___ DATASET ___
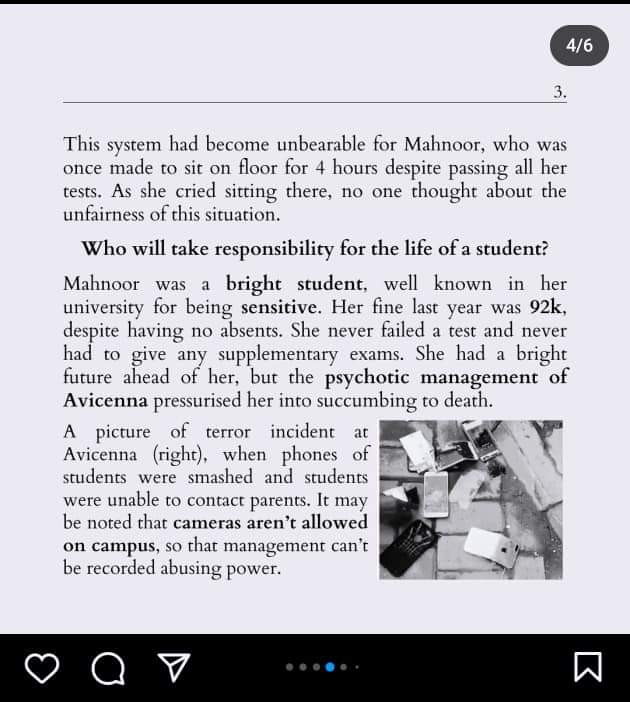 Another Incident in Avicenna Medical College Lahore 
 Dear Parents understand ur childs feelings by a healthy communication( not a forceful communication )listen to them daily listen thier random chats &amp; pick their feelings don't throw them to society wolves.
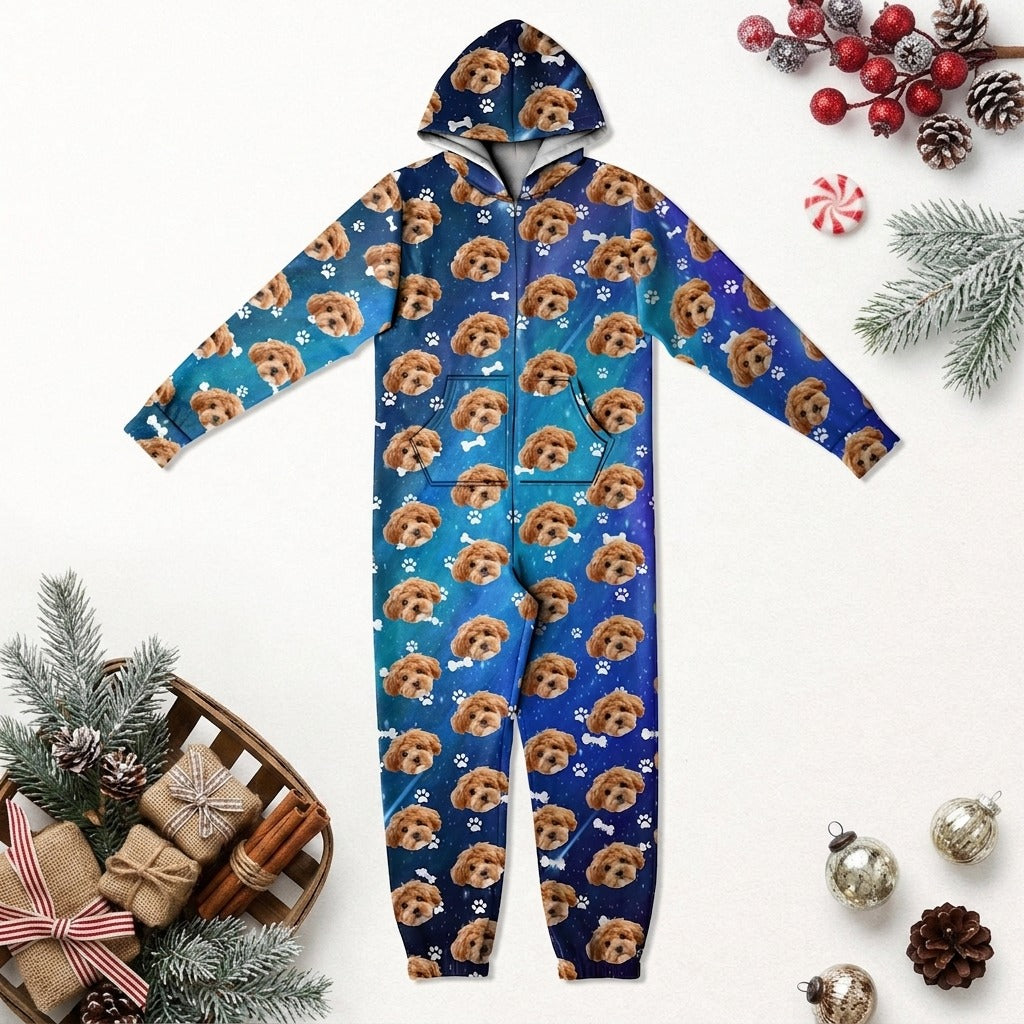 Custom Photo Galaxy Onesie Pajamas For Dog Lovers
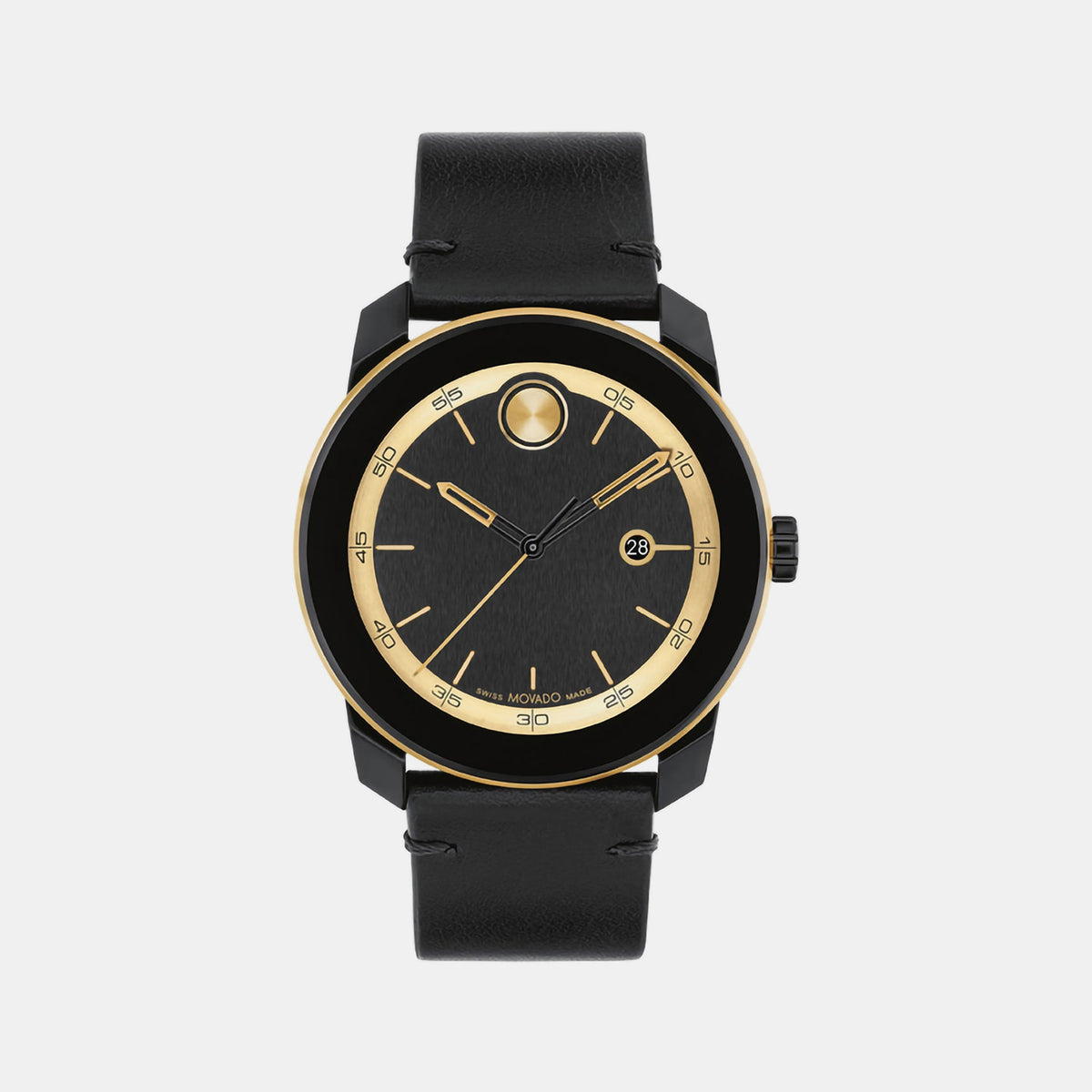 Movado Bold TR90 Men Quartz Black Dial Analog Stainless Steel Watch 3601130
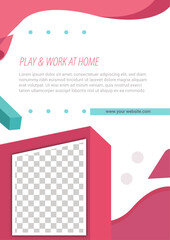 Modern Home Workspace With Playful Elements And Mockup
___
[PROBLEM REQUIREMENTS] Your answer is all of the records restated word for word, pictures excluded.

[SOLUTION]
 Another Incident in Avicenna Medical College Lahore 
 Dear Parents understand ur childs feelings by a healthy communication( not a forceful communication )listen to them daily listen thier random chats &amp; pick their feelings don't throw them to society wolves.
 Custom Photo Galaxy Onesie Pajamas For Dog Lovers
 Movado Bold TR90 Men Quartz Black Dial Analog Stainless Steel Watch 3601130
 Modern Home Workspace With Playful Elements And Mockup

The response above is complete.